In between Epiphany and Lent, the Choir took a break, and we tried something new — to see if we could use their well-earned time off to get some different sorts of music in our worship. Louis invited guests. And some of our own worked with Louis to prepare special music. This is the last Sunday of that interlude. Choir will be back next week with Ash Wednesday.
This last Sunday, Griffin will be singing “The Lord Will Make a Way Somehow.” It is one of the almost 800 Gospel songs written by Thomas Andrew Dorsey (1899-1923), known as the “Father of Black Gospel Music.”
Dorsey was born in rural Georgia, but as a child traveled with his father, an itinerant Baptist preacher, and his mother who played the organ. He began his music career as a Blues pianist, know as Barrelhouse Tom, Texas Tommy and Georgia Tom, and producing over 400 blues numbers.
But eventually he settled in Chicago, and about 1927, he began peddling the gospel songs that he had begun composing alongside the blues church to church in the Midwest and South. At first, he was not allowed to play his “sacrilegious” music during services, but only after worship. Dorsey’s gospel music combines Christian praise with the rhythms of jazz and the blues. His conception of religious music also deviated from what had been, to that time, standard hymnal practice by referring explicitly to the self, and the self’s relation to faith and God, rather than subsuming the individual into the group via belief. And over time, it came to be central to the canon of much Black Church worship.

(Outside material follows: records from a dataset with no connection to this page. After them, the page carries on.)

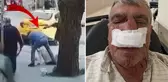 Çıkan tartışmada taksici, yayaya yumruk atarak burnunu kırdı
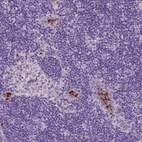 Immunohistochemical staining of human lymph node shows strong cytoplasmic positivity in non-germinal center cells.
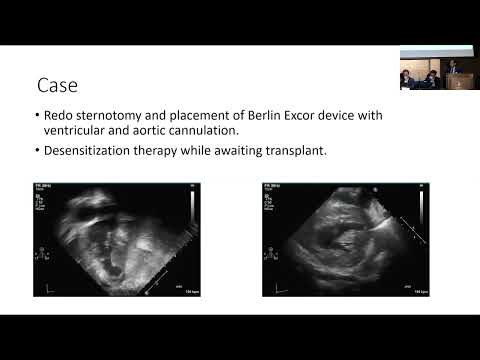 Mechanical Circulatory Support in the Single Ventricle Patient - Ming Sing Si, MD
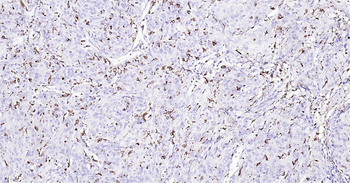 Human CD68 Ready-To-Use IHC Kit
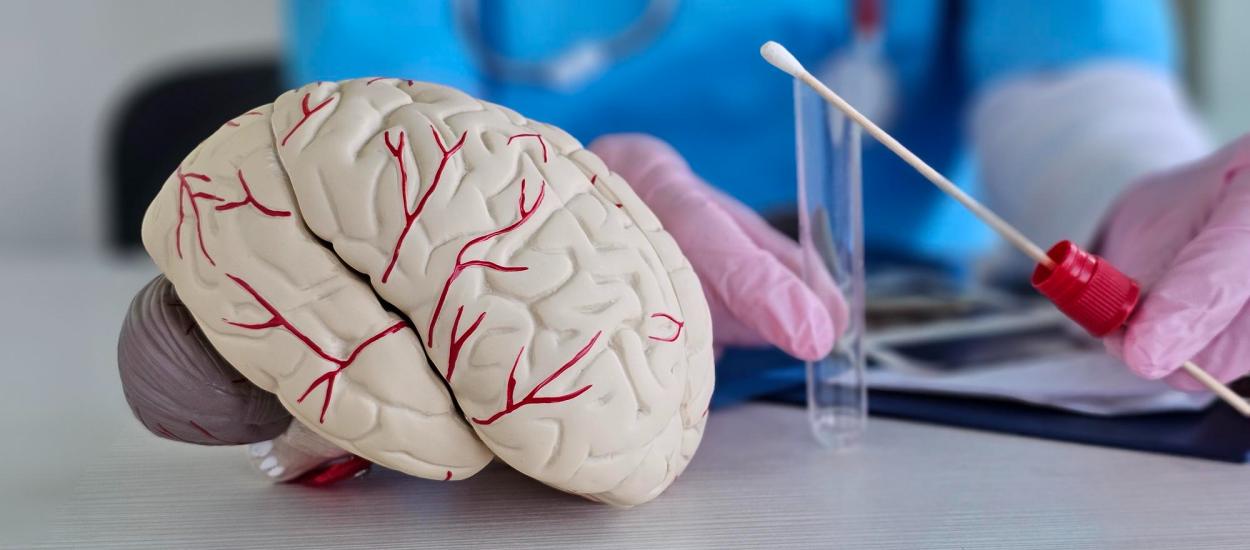 Testul de sânge care prezice Alzheimer cu ani înainte de primele semne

In 1931, he organized the first Gospel chorus at Ebenezer Baptist Church in Chicago, where he was the Director of Music. In 1932, after the death of his first wife, Nettie, in childbirth and a few days later, the son she bore, Dorsey in his grief wrote his most famous gospel song, “Precious Lord, Take My Hand.” Unhappy with the treatment received at the hands of established music publishers, he also founded the first company to market the music of Black gospel composers in 1932.
In 2002, the Library of Congress honored his album “Precious Lord: New Recordings of the Great Songs of Thomas A. Dorsey” (1973), by adding it to the United States National Recording Registry.